Ezidiler adına konuşan Hacı Çelik, Ezidilerin özgürce ibadet hakkı tanınmasının istediklerini söyledi. Çelik, Abdullah Öcalan başta olmak üzere tüm siyasi tutsakların serbest bırakılmasını talep ettiklerini kaydetti.

 

Aleviler süreci destekliyor

 

Mezopotamya Aleviler Birliği adına konuşan Ergin Doğan, Kürt hareketini desteklediklerini ifade eden ederken “Dilimiz, kimliğimiz ve inançlarımızla var olacağız” dedi.

 

Azadi İnisiyatifi federasyon talebinde bulundu

 

Azadi İnisiyatifi adına konuşan Muhammed Akar ise çözüm sürecinde Kürtlerin statü talebinin federal sistem olması gerektiğini söyledi.
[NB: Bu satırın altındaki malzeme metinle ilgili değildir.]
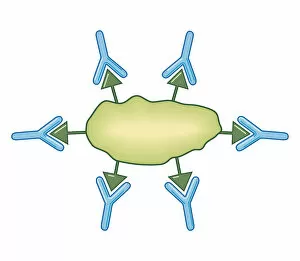 Images Dated 21st October 2011: Cross section biomedical illustration of passive immunisation with antibodies immediately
Federal sistemin tarihsel ve güncel referansları olduğunu söyleyen Akar, “Bölgesel hükümet, bölgesel parlamento, bölgesel bayrak ve ikinci resmi dil olarak Kürtçe” taleplerinde bulunduklarını belirtti.

 

‘Gezi’ tartışılmadı

 

Konferansa katılan bazı sendika ve emek örgütleri temsilcileri, Taksim Gezi Parkı’na polis müdahalesine yönelik eleştirilerini dile getirirken katılımcıların çoğu “gündemimiz farklı” diyerek Gezi olaylarının konferans gündemi olmadığını belirttiler.